REQUIREMENT: Without pictures, retype the following entries exactly.

----------

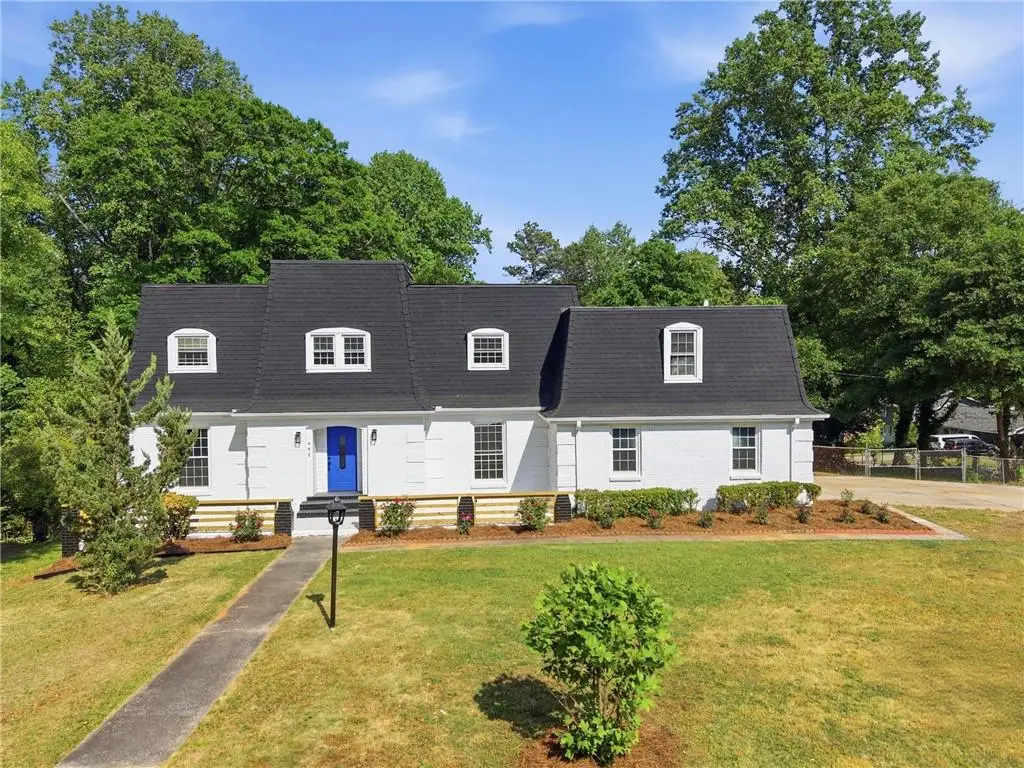 492 S Susan Creek Drive, Stone Mountain, GA 30083 - #1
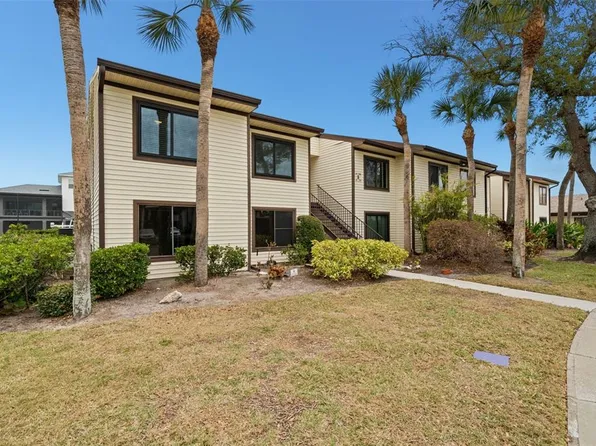377 Moorings Cove Dr #9H, Tarpon Springs, FL 34689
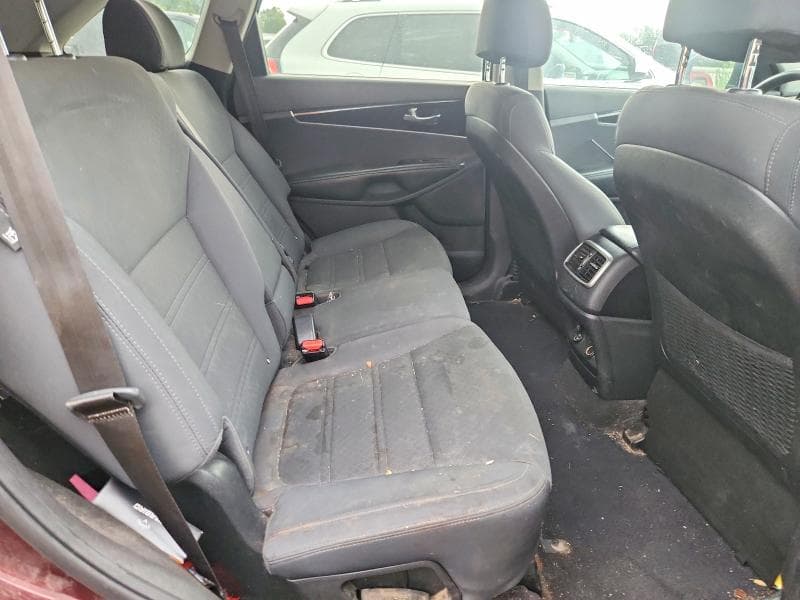 2017 KIA SORENTO LX V6 11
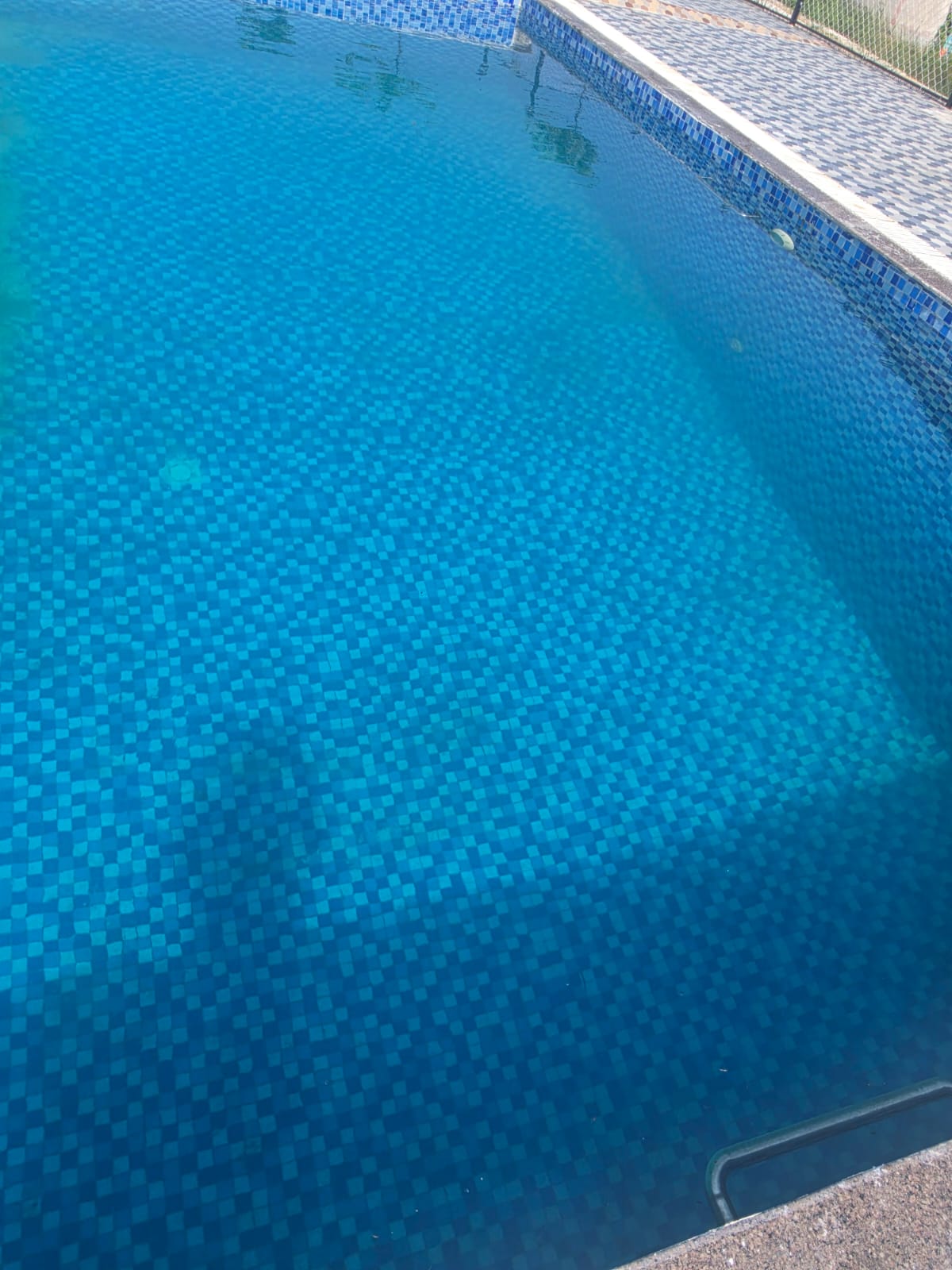 Clear turquoise water of the Hotel Batika pool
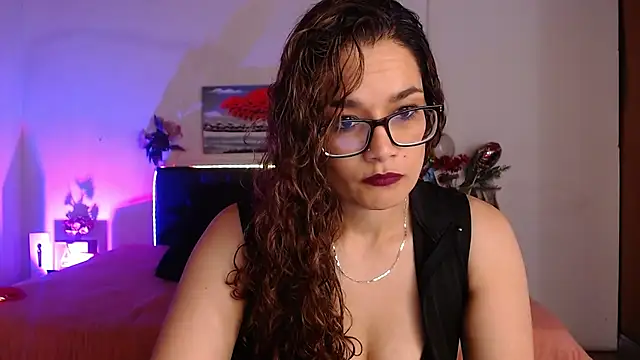 Snapshot of Rose_Thompson1 chatting on 10.17.25 Rose Thompson1 online show from 10.17.25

----------

YOUR RESPONSE:
 492 S Susan Creek Drive, Stone Mountain, GA 30083 - #1
377 Moorings Cove Dr #9H, Tarpon Springs, FL 34689
 2017 KIA SORENTO LX V6 11
 Clear turquoise water of the Hotel Batika pool
 Snapshot of Rose_Thompson1 chatting on 10.17.25 Rose Thompson1 online show from 10.17.25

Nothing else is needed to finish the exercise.